Image_10_Formation of Si/SiO2 Luminescent Quantum Dots From Mesoporous Silicon by Sodium Tetraborate/Citric Acid Oxidation Treatment.TIFF

We propose a rapid, one-pot method to generate photoluminescent (PL) mesoporous silicon nanoparticles (PSiNPs). Typically, mesoporous silicon (meso-PSi) films, obtained by electrochemical etching of monocrystalline silicon substrates, do not display strong PL because the silicon nanocrystals (nc-Si) in the skeleton are generally too large to display quantum confinement effects. Here we describe an improved approach to form photoluminescent PSiNPs from meso-PSi by partial oxidation in aqueous sodium borate (borax) solutions. The borax solution acts to simultaneously oxidize the nc-Si surface and to partially dissolve the oxide product. This results in reduction of the size of the nc-Si core into the quantum confinement regime, and formation of an insulating silicon dioxide (SiO2) shell. The shell serves to passivate the surface of the silicon nanocrystals more effectively localizing excitons and increasing PL intensity.

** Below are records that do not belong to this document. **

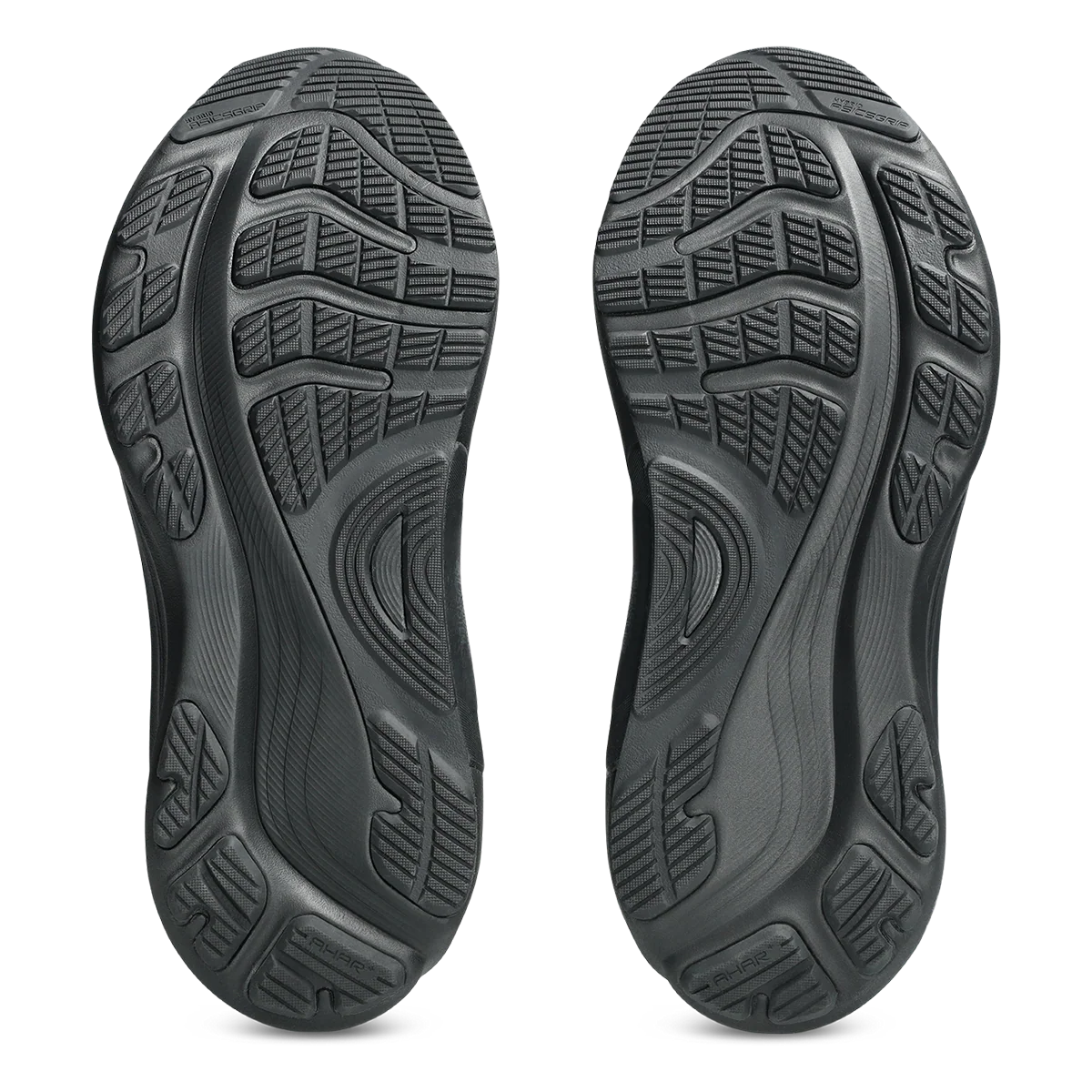 Asics Gel Kayano 32 Black - Graphite Grey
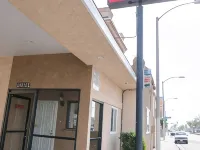 Mission Motel Hotels in Lynwood
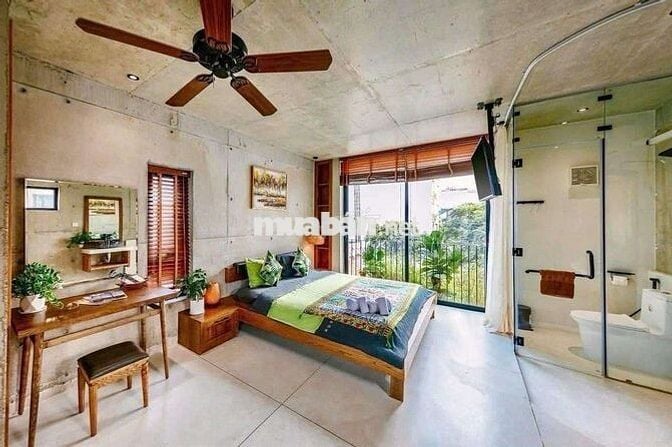 Bán nhà 4tầng VIP trung tâm quận Thanh Khê Đà Nẵng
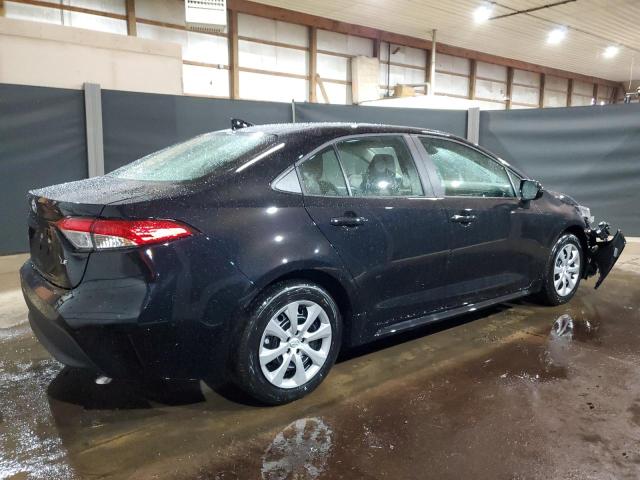 Image 3 of 2024 TOYOTA COROLLA LE 2024 with VIN 5YFB4MDE6RP132130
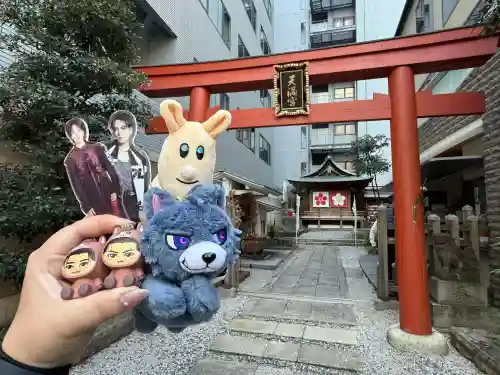 櫻天神社(愛知県)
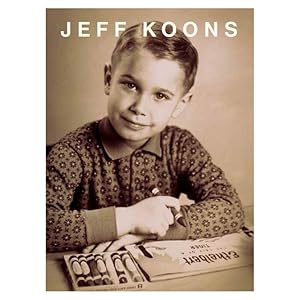 Image du vendeur pour Jeff Koons : Lost in America mis en vente par Douglas Stewart Fine Books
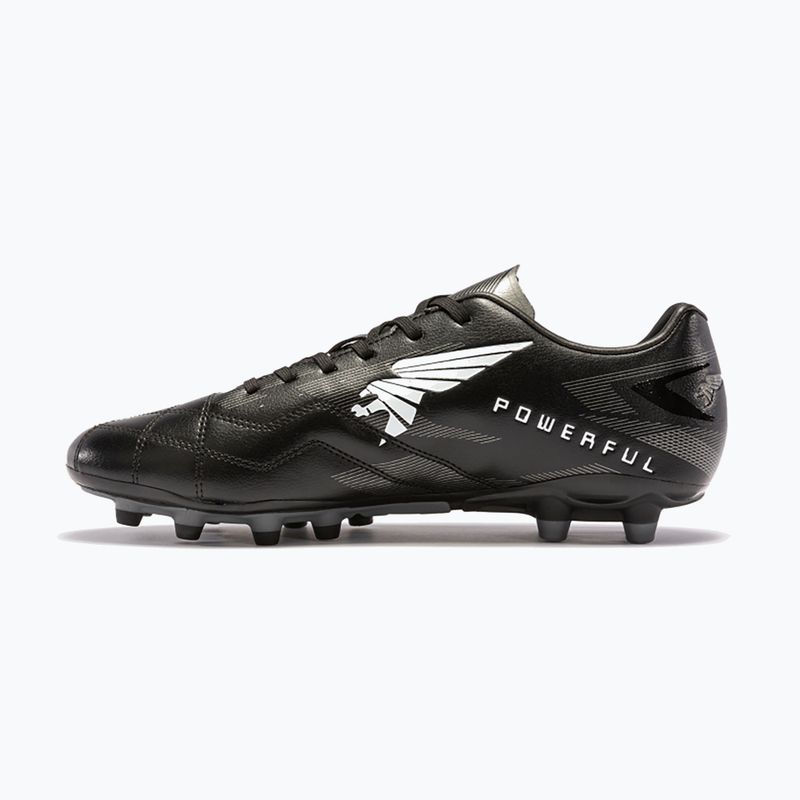 Pánske kopačky Joma Powerful FG black 12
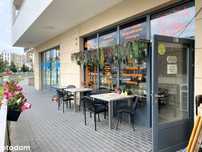 Gotowy biznes: pizzeria z bazą klientów i sprzętem, od zaraz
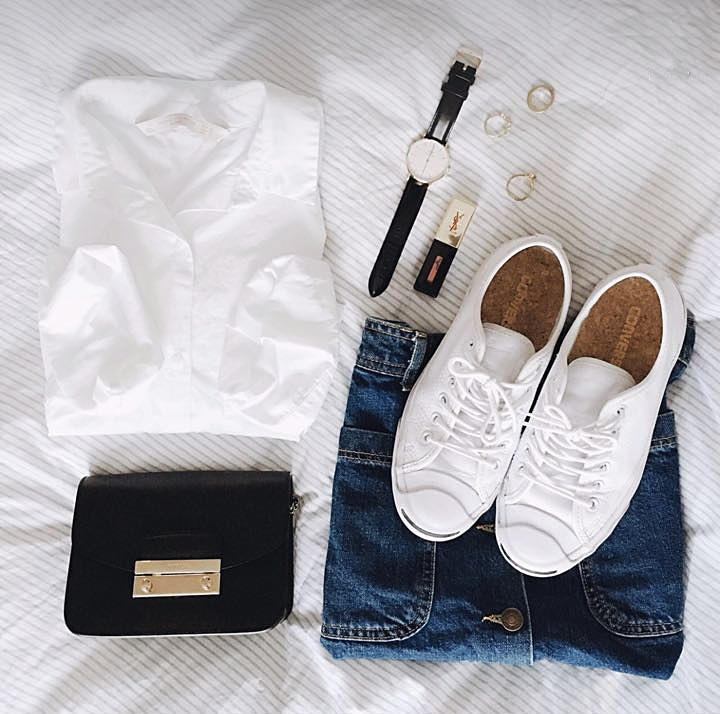 converse全系列解读,冷门的converse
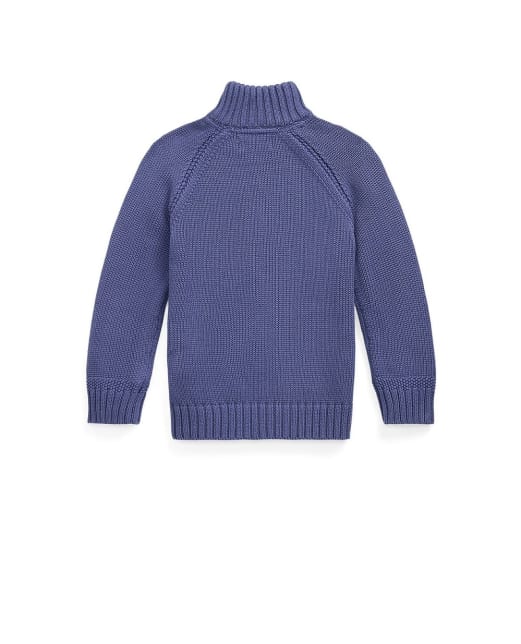 Polo Ralph Lauren Детский свитер - Артикул: 323970428001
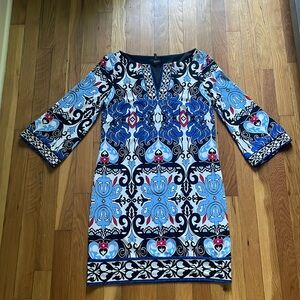 Woman's Laundry dress size Small.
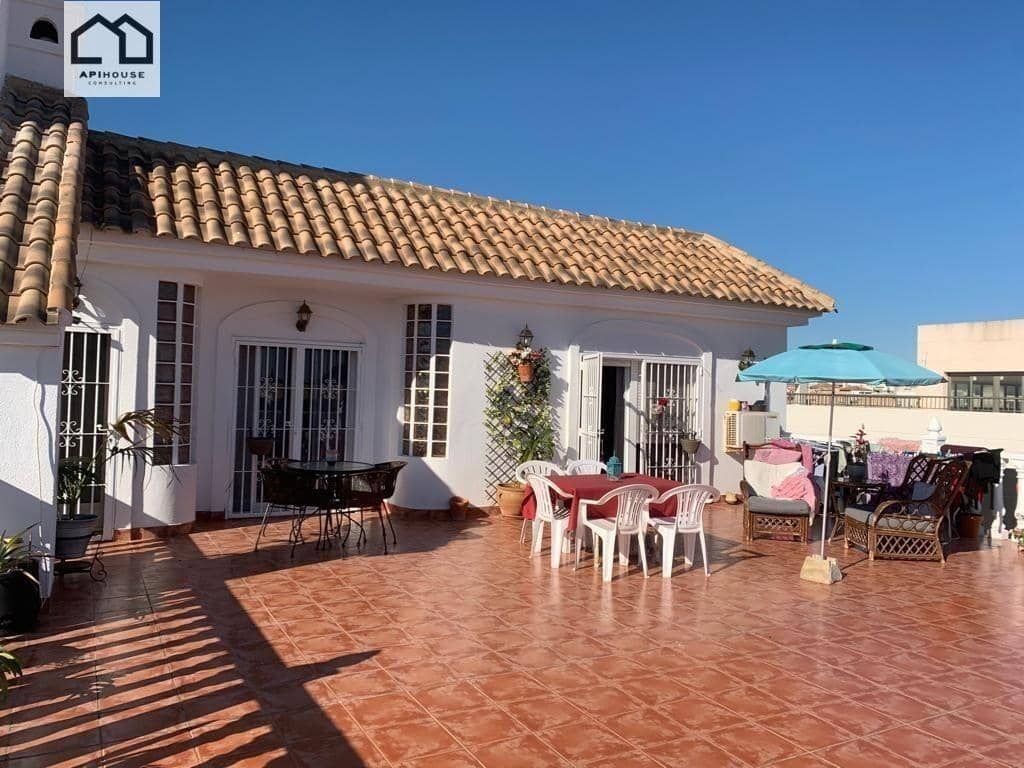 Negocio en La Zenia en venta - 899.500 € (Ref: 9506872)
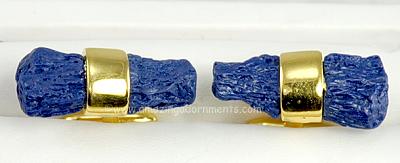 Kenneth Lane Cufflinks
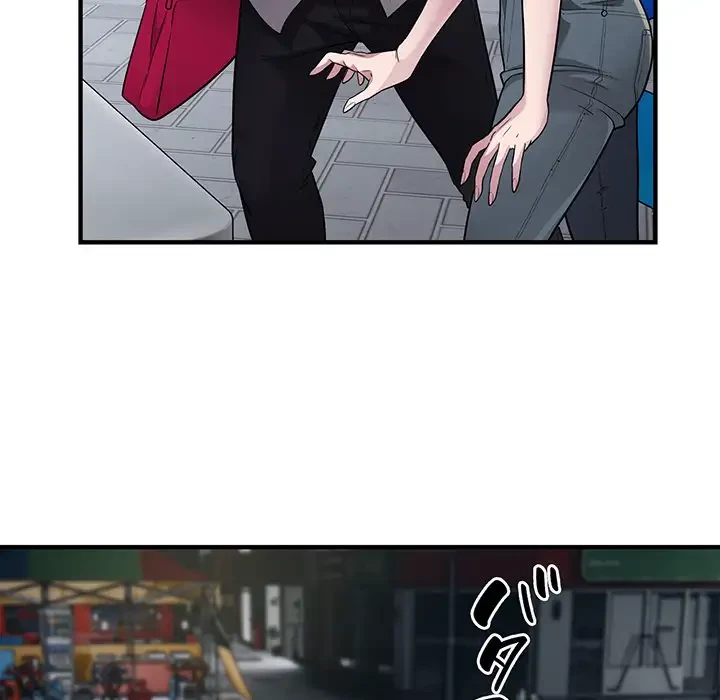 タクシー運転手は忙しい 第10話 - 96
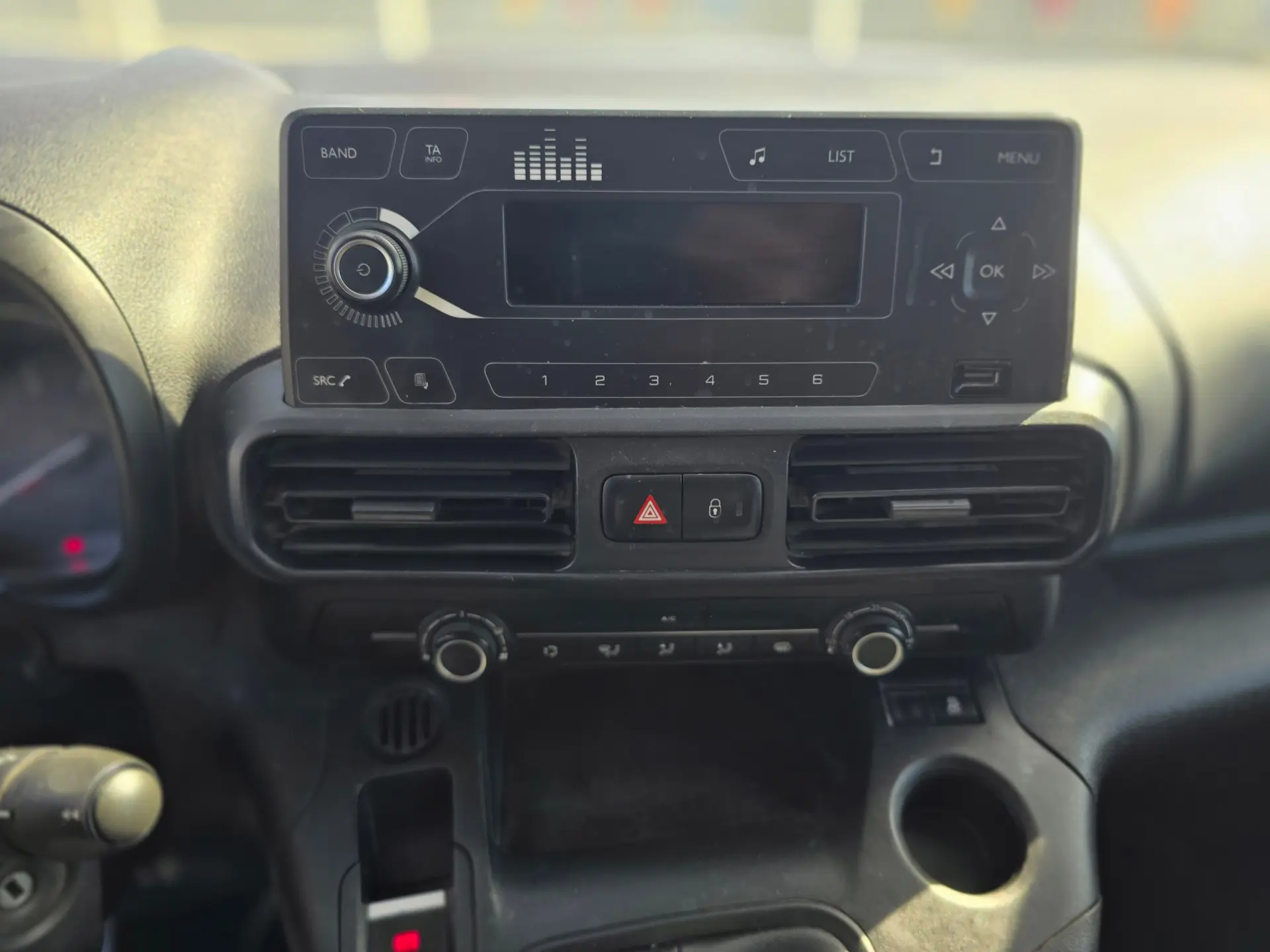 Toyota Proace City Verso 1.5D L1 Comfort 16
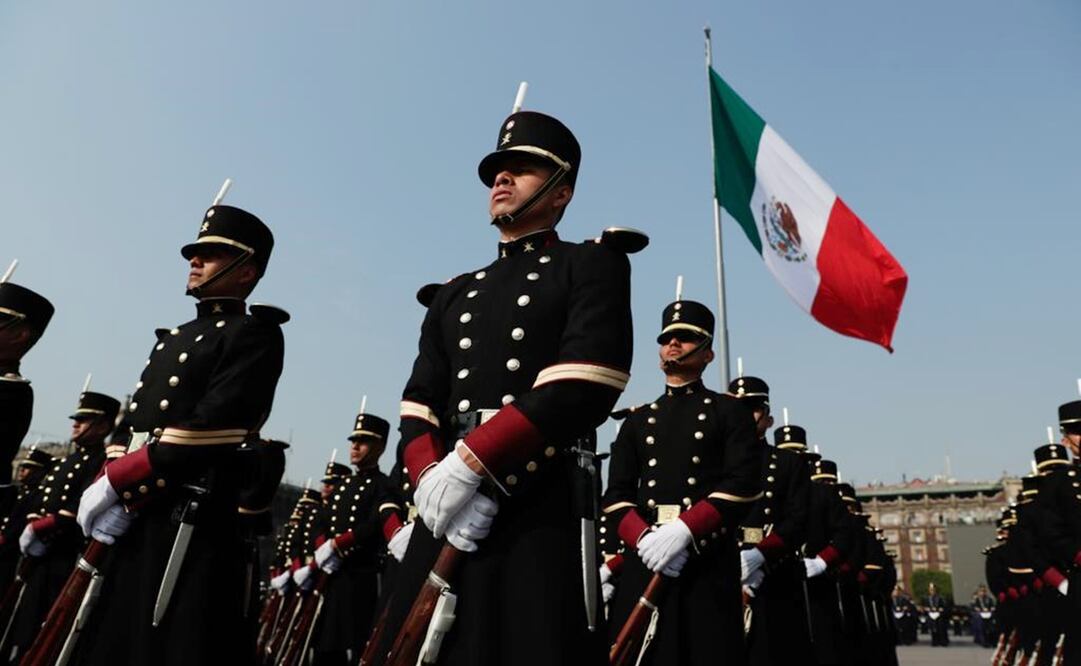 Fotos: Diego Simón Sánchez / EL UNIVERSAL 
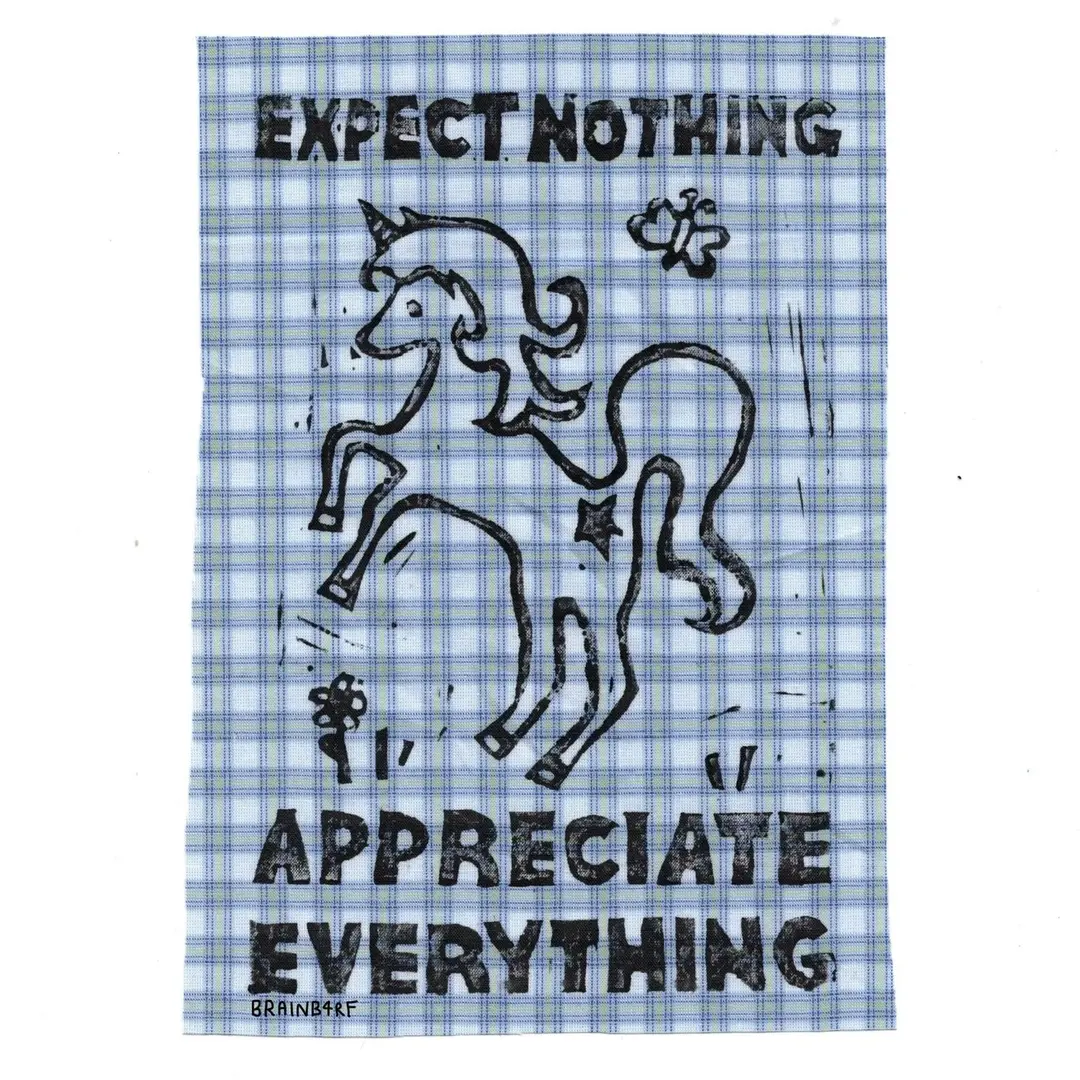 appreciate patch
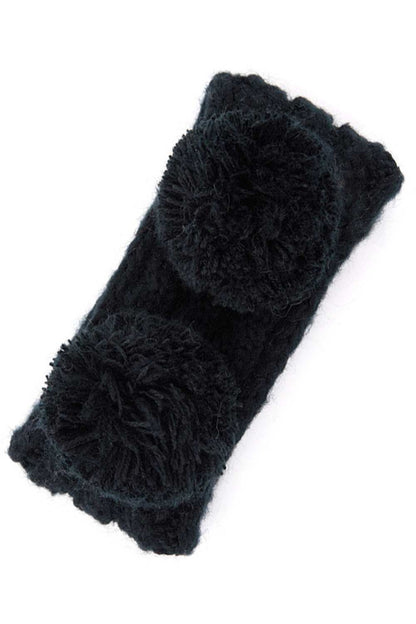 C.C Headband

We show that the oxidation/dissolution process can be terminated by addition of excess citric acid, which changes the pH of the solution from alkaline to acidic. The process is monitored in situ by measurement of the steady-state PL spectrum from the PSiNPs. The measured PL intensity increases by 1.5- to 2-fold upon addition of citric acid, which we attribute to passivation of non-radiative recombination centers in the oxide shell. The measured PL quantum yield of the final product is up to 20%, the PL activation procedure takes <20 min, and the resulting material remains stable in aqueous dispersion for at least 1 day. The proposed phenomenological model explaining the process takes into account both pH changes in the solution and the potential increase in solubility of silicic acid due to interaction with sodium cations.